Zusammengestellt von Frederike Wandersleb

(Erzählt nach  "Untergegangene Kulturen: Gold und Macht der Inka" /Time-Life Bücher, Amsterdam 1993)

Im Sommer 1911 war der amerikanische Forscher Hiram Bingham unterwegs im Herzen von Peru, um den sagenhaften Ort Vilcabamba zu suchen. Von ihm berichteten uralte Chroniken, er sei der letzte Zufluchtsort der Inka gewesen, in der Zeit, als die Spanier das Land eroberten. Von dieser versteckten Festung aus hatten sie bis zu ihrer endgültigen Niederlage immer wieder die Spanier angegriffen.

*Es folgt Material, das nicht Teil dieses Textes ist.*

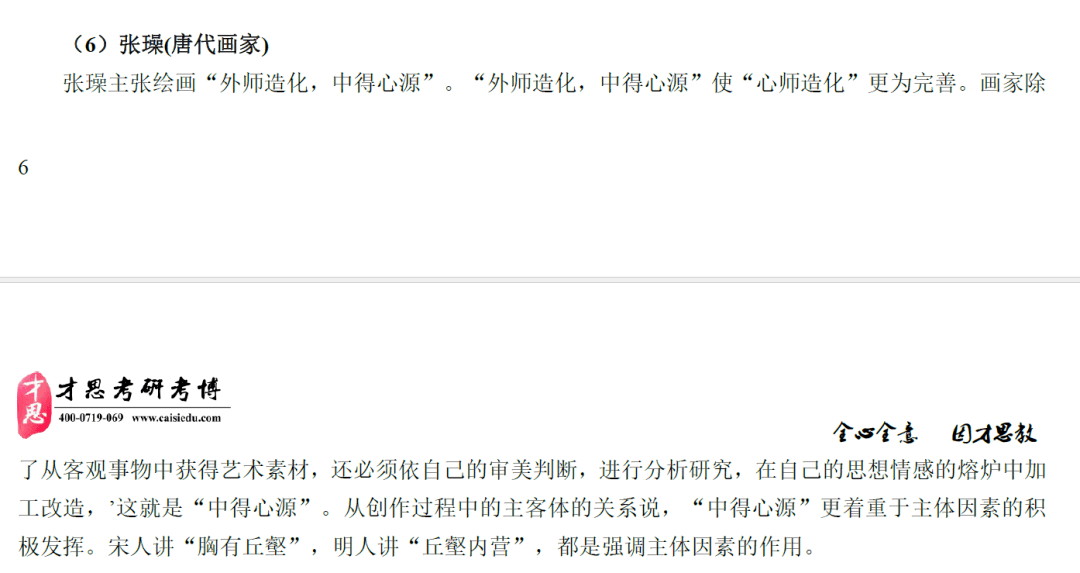 最准一码一肖，技艺释义解释落实之道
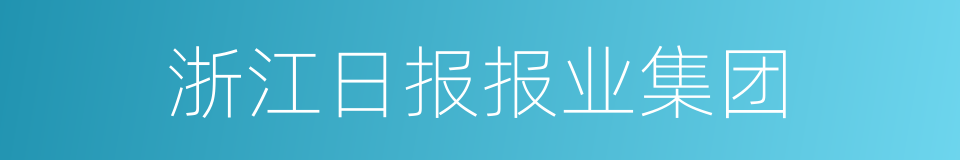 浙江日报报业集团的同义词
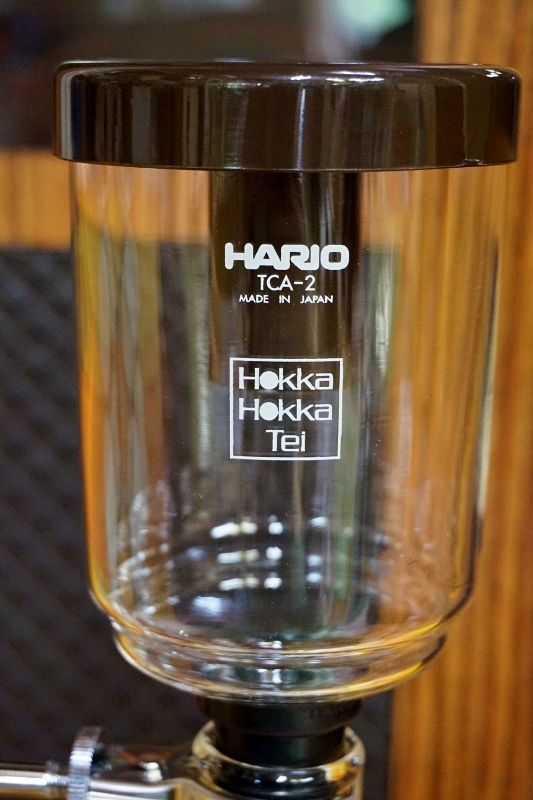HARIO ハリオコーヒーサイフォン テクニカ ２人用 KF76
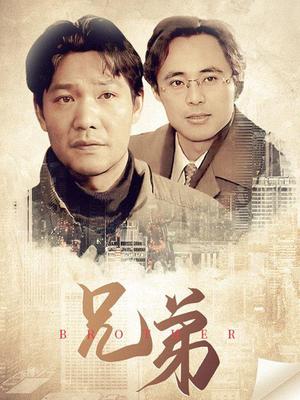 绿色的远方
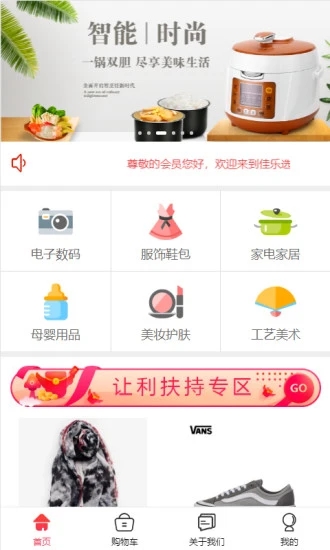 佳乐选appv5.4.5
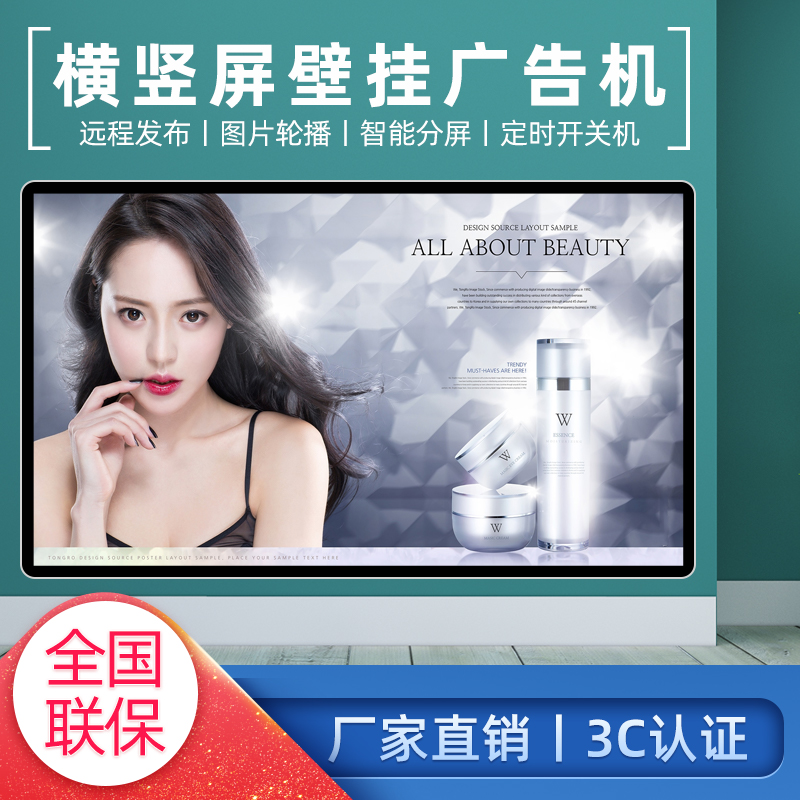 網(wǎng)絡(luò)廣告機(jī) 網(wǎng)絡(luò)廣告機(jī)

Vor drei Wochen waren Bingham  und sein Team von der alten Inka-Hauptstadt Cuzco  nach Nordwesten aufgebrochen, um ein Gebiet zu erkunden, wo die Anden 4500 m hoch in den Himmel aufragen. Sie folgten dem Fluss Urubamba,  der sich in einem tief eingeschnittenen Tal durch den Regenwald den Weg zum Amazonas sucht. Bingham folgte einer neuen Piste, die erst kürzlich entlang des Flusses gebaut worden war.

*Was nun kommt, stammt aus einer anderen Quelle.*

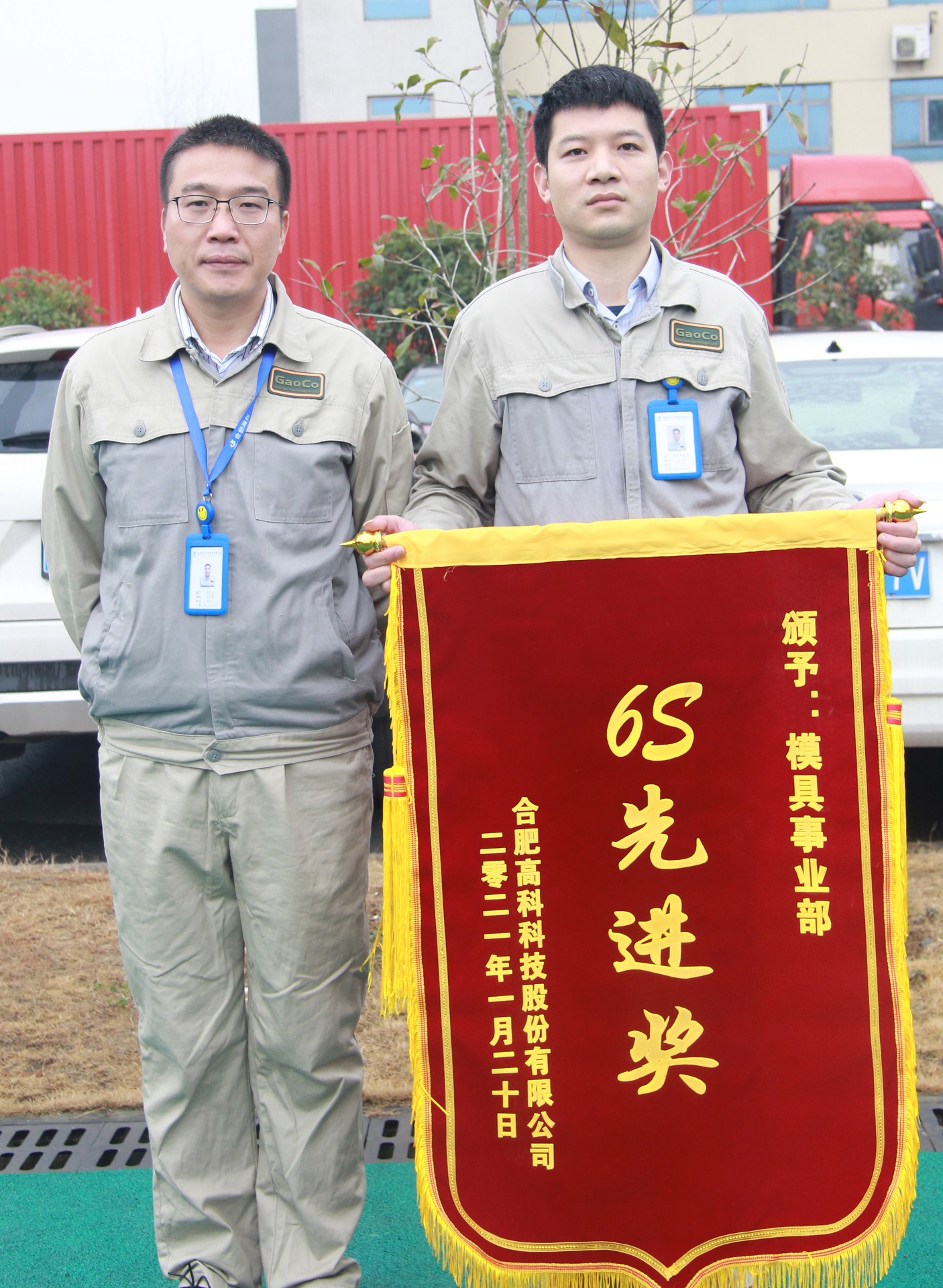 20210202022024825 老子有钱lzyq88(中国)有限公司官网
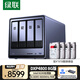 綠聯(lián)私有云DXP4800 8G版32T四盤(pán)位NAS網(wǎng)絡(luò )存儲個(gè)人云硬盤(pán)家庭服務(wù)器 AI相冊 手機平板擴容適用iPhone17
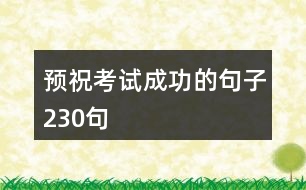 預(yù)?？荚嚦晒Φ木渥?30句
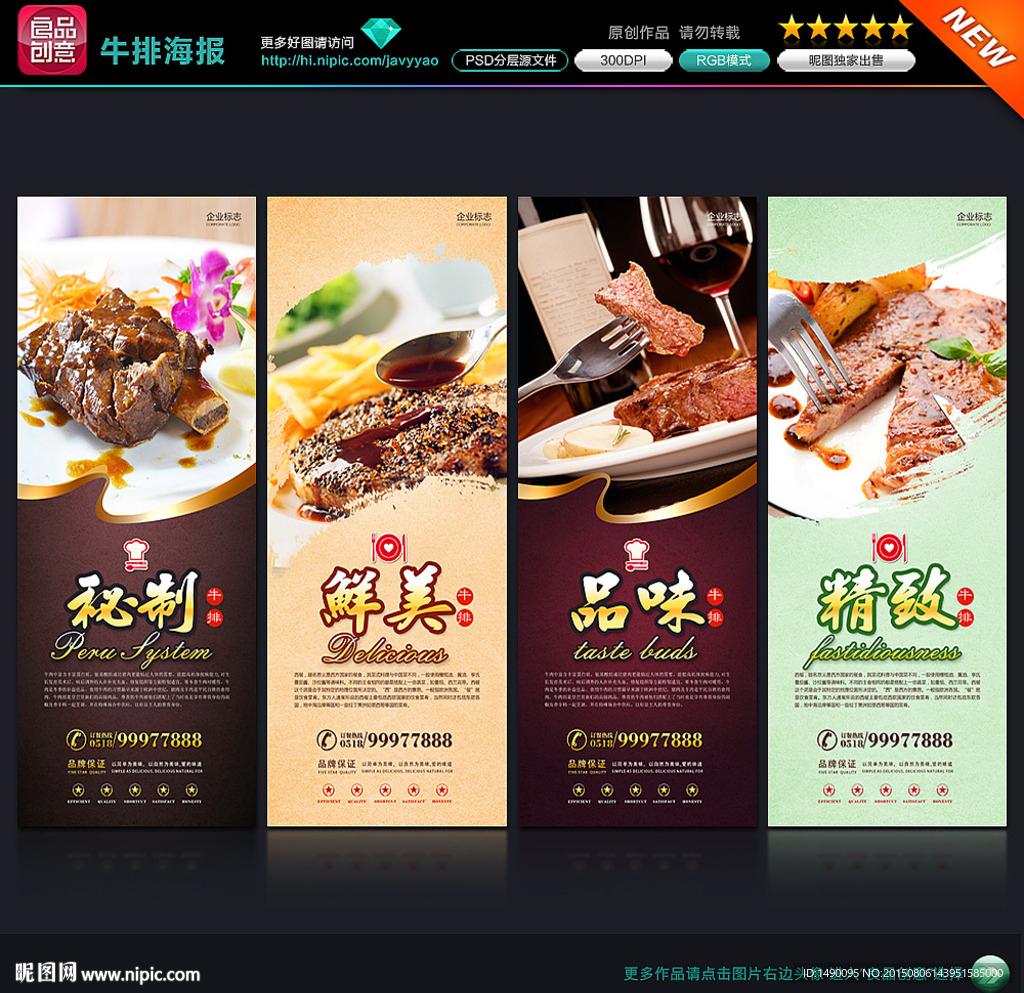 牛排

„Hier gibt es nicht nur schneebedeckte Gipfel zu sehen, die die Wolken durchbrechen, sondern auch gigantische 1000 m tiefe, steile Schluchten aus vielfarbigem Granit, auf deren Grund schäumende, glitzernde Stromschnellen tosen, hier sieht man auch Orchideen und Farne,  üppig wachsende Vegetation, die geheimnisvolle Magie des Urwaldes", schrieb er in sein Tagebuch.

Am Abend zuvor hatte er sich die Namen zweier Berggipfel auf der anderen Seite des Flusses notiert, zwischen denen auf einem Bergsattel alte Ruinen sein sollten, wie ihm Einheimische erzählt hatten. Einem Schankwirt gab er einen Silberdollar, wenn er  ihn zu dieser Stelle führen würde. Binghams Kollegen glaubten diesem Gerede nicht, und da es heftig regnete, gingen sie nicht mit, als sich Bingham auf den Weg machte.

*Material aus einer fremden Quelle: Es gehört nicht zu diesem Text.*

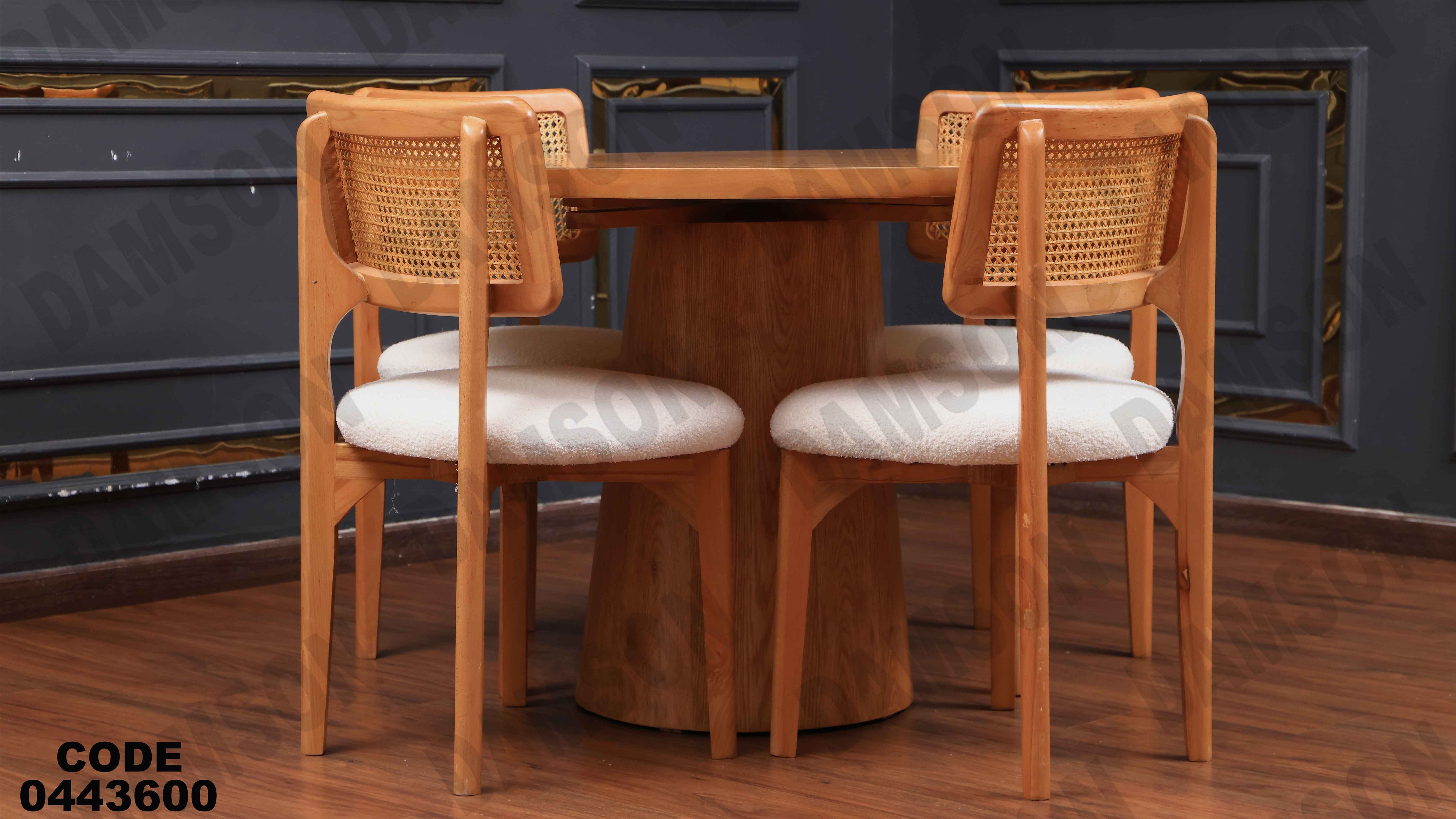 ترابيزة سفرة 436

Bald kam Bingham mit seinem Führer an eine Brücke aus langen, dünnen Baumstämmen, die nur mit Schlingpflanzen zusammengebunden waren, die über den tosenden Urubamba führte.  Ein unvorsichtiger Schritt und der Absturz wäre unvermeidbar gewesen! Zentimeter für Zentimeter schob sich Bingham  auf allen Vieren über die feuchte, glitschige Brücke, während sein Begleiter leichtfüßig hinüberlief.  Auf der anderen Seite angekommen mussten sie einen steilen Pfad aufwärts klettern und die Augen offen halten, um nicht auf eine der giftigen Lanzenschlangen zu treten. 600 m hoch mussten sie aufsteigen, um schließlich an eine Stelle zu gelangen, wo Bingham am Ziel seiner Wünsche stand:

„Vor mir lagen die Mauern verfallener Gebäude, die von der hohen Baukunst der Inka zeugten. Sie waren kaum zu sehen, da sie teilweise von Bäumen und Moos verdeckt waren, einer jahrhundertealten Vegetation, aber hier und da tauchten aus dem Schatten der Ranken die Mauern aus weißen, sorgfältig behauenen Granitquadern auf, die kunstvoll zusammengefügt waren. Ich wanderte durch Ruinen und entdeckte Wunder auf Wunder, - ein Mausoleum, mehrere prachtvolle Tempel, einen weiten Platz und Dutzende von Häusern." Heute kann man diesen Ort recht bequem bereisen, denn eine Eisenbahnlinie führt entlang der Route, die Bingham einst verfolgte.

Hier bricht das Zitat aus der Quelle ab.